Every Memorial Day weekend, tens of millions of Americans hit the road, fill airports, and crowd into hotels, cafes, and rest stops - places that share one quietly dangerous feature: open, unsecured Wi-Fi networks. Connecting to public internet without protection is one of the most common and underestimated digital risks ordinary people take. This weekend is a good moment to understand what that actually means, and what can reasonably be done about it.
What Public Wi-Fi Actually Does to Your Data
Public networks at gas stations, coffee shops, and hotel lobbies typically lack encryption at the network level. That means data traveling between your device and the internet - login credentials, payment information, browsing activity - can potentially be observed by other parties on the same network. This is not a theoretical threat. Techniques such as packet sniffing allow someone with basic tools and access to the same network to intercept unencrypted traffic. Even without active interception, your internet service provider can monitor the sites you visit and the data you transmit unless that information is encrypted before it leaves your device.
The risk scales with how much you do online while traveling. Checking a bank balance on airport Wi-Fi, logging into work systems at a hotel, or submitting personal details through a form at a roadside diner all carry real exposure if the connection is unprotected.
How a VPN Addresses the Problem
A virtual private network - commonly called a VPN - works by encrypting your internet traffic before it leaves your device and routing it through a secure server. To anyone monitoring the local network, your activity appears as a stream of unreadable encrypted data rather than identifiable requests. Your ISP sees only that you are connected to a VPN server, not what you are doing. This is the fundamental value of the technology for travelers: it insulates your data from the vulnerabilities of whatever network you happen to be using.
Not all VPNs are equal in how they implement this. The quality of encryption standards, the independence of security audits, and the provider's data retention policies all vary considerably across the market. These distinctions matter more than marketing language about speed or simplicity.

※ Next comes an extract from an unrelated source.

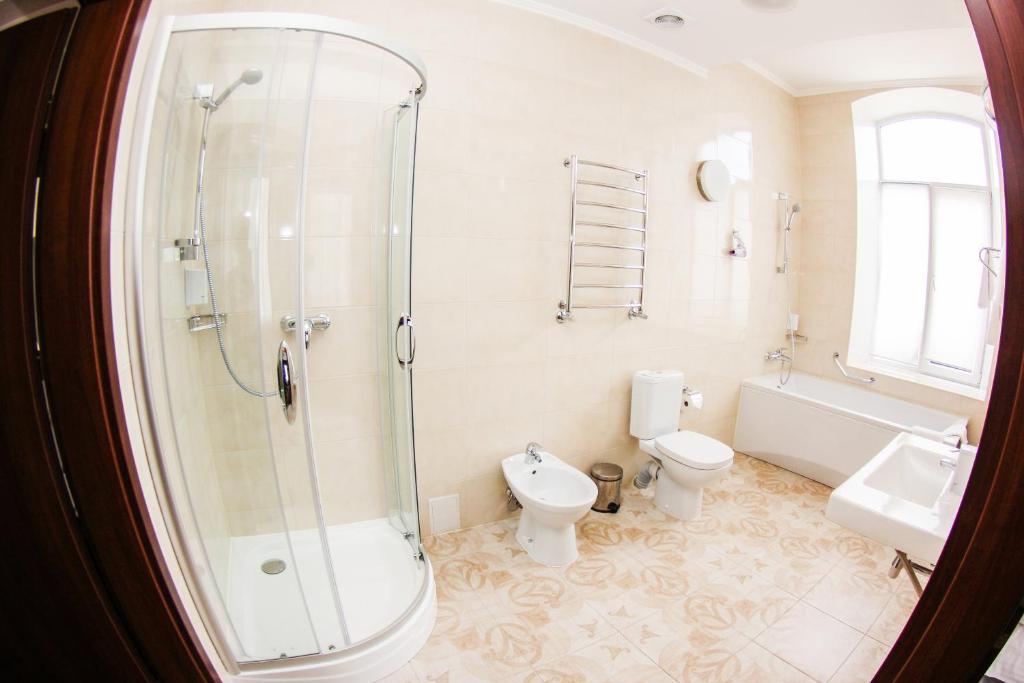 Koupelna v ubytování Hotel 52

Choosing the Right VPN for Travel Inside the United States
For domestic travel specifically, server coverage across U.S. states is a practical consideration that often goes overlooked. ExpressVPN is one of only a small number of providers that maintains servers in all 50 states - an advantage if you need to access location-sensitive services while moving around the country. It uses strong encryption protocols and has undergone multiple independent security audits, which places it among the more credible options in a market where unverified claims are common. Its current pricing starts at $2.79 per month, which represents a significant reduction from what the service cost roughly eighteen months ago and makes it competitive with providers that have historically undercut it on price.
NordVPN is a stronger choice if streaming video is the primary use case. In testing across services including Netflix, Disney+, and Prime Video, it has demonstrated consistent performance unlocking geo-restricted content. Proton VPN appeals to users for whom legal jurisdiction matters: the company is headquartered in Switzerland, which operates under strong privacy laws, and it supports port forwarding - a technical feature relevant to users who torrent files or need to run certain applications remotely.
ExpressVPN offers one capability neither of those providers matches as simply: Aircove, a physical router with VPN support built directly into the hardware. For travelers renting accommodation or setting up a temporary home network, this plug-and-play approach provides protection across every device on the network without requiring configuration on each individual device. With NordVPN or Proton, configuring a router-level VPN requires a more involved technical setup.
The Broader Habit Worth Building
Memorial Day weekend creates a concentrated window of elevated risk simply because of volume: more people traveling, more public networks in use, more devices connected in unfamiliar environments. But the underlying vulnerability exists year-round. Public Wi-Fi is a permanent feature of modern travel, and the habit of protecting your connection - through a VPN, through preferring HTTPS sites, through avoiding sensitive transactions on open networks - pays dividends well beyond a single holiday weekend. The technology is cheap enough and easy enough that the main obstacle is awareness, not access.